Liverpool Echo. May 5, 1988

 

Gayna rocks on into psychic pop

THE woman once described by the music paper Sounds as "Liverpool's bit of fluff" was approached three times before I met her outside Leicester Square tube station.
People had mistaken a single woman - standing on a street comer - with large brown eyes and masses
of chestnut curl hair for a ticket tout.
Gayna Rose Madder takes it all in her stride by reacting, as she does to most things, by giggling.
But then Miss Madder is used to women being propositioned on street corners. Her rented flat, under the moral shadow of Britain's largest cathedral, is in Liverpool's red light district.
Gayna neatly combines Liverpool's two main passions: football and music. Born In Anfield ("I had a season ticket when I was 14") she is both singer and songwriter.
"If I was going to aspire to anyone it would be Rodgers and Hammerstein, but although my songs are poppy I think the words address quite serious and political matters."
Although she is currently recording her own single, Gayna is in London to produce some else's - the debut record of Paula Pradaema - a Blackpool psychic.
"I first met Paula at a psychic demo In Fleetwood and then met her again a month later in Liverpool. She came back to my flat, sang me a song and I later arranged the chords."
A long explanation followed In a soft lilting Liverpudilan accent. Apparently the song, Only Time, is a message from the spirit world - but not from just any old spirit.
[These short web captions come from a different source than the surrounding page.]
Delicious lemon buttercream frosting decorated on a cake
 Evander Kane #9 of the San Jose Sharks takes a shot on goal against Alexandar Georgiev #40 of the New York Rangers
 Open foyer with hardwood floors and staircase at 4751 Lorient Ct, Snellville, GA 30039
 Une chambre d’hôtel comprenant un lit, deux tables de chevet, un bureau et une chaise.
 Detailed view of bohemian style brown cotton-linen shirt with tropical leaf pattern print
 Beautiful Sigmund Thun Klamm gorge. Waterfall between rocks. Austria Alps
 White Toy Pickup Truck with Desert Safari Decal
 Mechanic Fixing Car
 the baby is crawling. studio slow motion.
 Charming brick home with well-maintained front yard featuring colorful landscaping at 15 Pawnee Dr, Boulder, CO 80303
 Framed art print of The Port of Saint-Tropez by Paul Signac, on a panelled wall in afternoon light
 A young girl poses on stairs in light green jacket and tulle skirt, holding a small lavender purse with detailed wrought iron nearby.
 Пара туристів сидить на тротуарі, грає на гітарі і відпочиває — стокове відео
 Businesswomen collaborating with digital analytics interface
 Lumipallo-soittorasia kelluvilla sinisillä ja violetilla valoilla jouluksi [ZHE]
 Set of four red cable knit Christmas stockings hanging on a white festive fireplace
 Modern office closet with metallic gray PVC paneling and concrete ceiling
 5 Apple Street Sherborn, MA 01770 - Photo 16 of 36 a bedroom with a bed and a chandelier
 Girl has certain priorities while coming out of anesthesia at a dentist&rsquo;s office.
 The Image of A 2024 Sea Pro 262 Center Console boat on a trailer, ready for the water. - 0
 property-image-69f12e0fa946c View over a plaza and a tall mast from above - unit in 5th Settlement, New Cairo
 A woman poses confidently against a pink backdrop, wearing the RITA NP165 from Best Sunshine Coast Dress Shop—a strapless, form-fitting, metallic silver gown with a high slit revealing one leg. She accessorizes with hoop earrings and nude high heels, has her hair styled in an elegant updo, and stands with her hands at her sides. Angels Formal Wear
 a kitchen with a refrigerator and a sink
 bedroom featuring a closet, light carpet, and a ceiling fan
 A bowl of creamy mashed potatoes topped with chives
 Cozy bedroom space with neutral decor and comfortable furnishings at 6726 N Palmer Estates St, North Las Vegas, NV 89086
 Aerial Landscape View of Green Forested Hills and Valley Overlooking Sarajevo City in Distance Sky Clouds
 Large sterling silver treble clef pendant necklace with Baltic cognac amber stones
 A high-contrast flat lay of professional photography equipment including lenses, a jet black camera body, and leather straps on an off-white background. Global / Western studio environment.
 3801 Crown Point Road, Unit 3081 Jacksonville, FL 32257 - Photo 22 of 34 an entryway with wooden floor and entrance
Only Time is from Phil Ochs, who once wrote for Bob Dylan and committed suicide after a knife attack ruined his vocal chords.
"Paula thinks he is fulfilling his karma so that he can get onto the next astral plane."
By now you may be thinking that Miss Madder is either living up to her surname or severely testing your sense of humour. But she is 100 per cent serious.
"I learnt how to do birth charts in Junior school. They were a bit inaccurate," she adds and starts to laugh,
"but I tried."
Miss Madder was also known in her Junior school as Flo Sullivan. This changed nearly two years ago.
"I looked Sullivan up in a surname book and it said 'a descendant of the one-eyed, black-eyed, hawk-eyed Irishman' and this isn't the image I want to project!"
She described her image, in between chuckles, as "non-existent". Don't believe her. It is an eye-catching mixture of sweet 'n' innocent and sleaze-tart with taste. "I admire Bet Lynch as far as clothes go".
The comparison is interesting. Both women share a quick, intelligent mind. The exterior acts as a visual foil. Beneath Gayna's dizzy Barbie Doll appearance lies a mind trained in graphic design at Liverpool Art College with a further postgraduate diploma in art and English.
She has been seriously involved in music since 1980 when her group, A Formal Sigh, seemed poised for success.
They had one Peel session under their belt and had signed a deal with Virgin's Red Flame. A Christmas single, Higher, was recorded and released, after a considerable delay, in June. No further recordings were made and, being tied to her contract, no singles were made elsewhere. "I got to keep the advance, so it wasn't all bad."
Her next group, Shiny Two Shoes, with Robin Surtees (now guitarist with Benny Profane) had better luck. They recorded a mini-LP while she was administrating a small college, on a part-time basis, near the city centre.
"It was a brilliant place, but very underused, so we did courses on racing form and home brewing.”
Naturally the college's popularity increased and she was offered a full-time job as principal.
Shiny Two Shoes were also offered something - a tour of Europe “so I turned the job down and launched
myself into unemployment." Their single, Waiting for Us, reached the independent charts and received Radio 1 airplay, but after four European tours she left to pursue a solo career.
Since then London Polydor, WEA and RCA have all paid for session tapes. Her third single, Ties ("all my songs are emotional”) is being produced by Dave Dix (who produced Black). Its release in April coincides with the release of Only Time. She is aware that she is within sniffing distance of success.
But what does the psychic circle think? Her clairvoyant friends predict 1988 will be Gayna Rose Madder's year. Her choice of name was also prophetic.
"I was still Flo Sullivan when I dreamed I was being interviewed by Terry Wogan. In the dream he asked me why I had changed my name to Gayna Rose Madder." Her eyes opened wider and I waited expectantly. "So I replied it had been a pigment of my imagination!"
The music world, especially in Liverpool, is overflowing with people who can sing, compose and often, through lack of finance, produce and arrange their own work.
Gayna Rose Madder could be one of the few talents to break through the tough surface of success. She could also be the first singer who owed her fame to a paintbox colour, a dream and a bizarre sense of humour.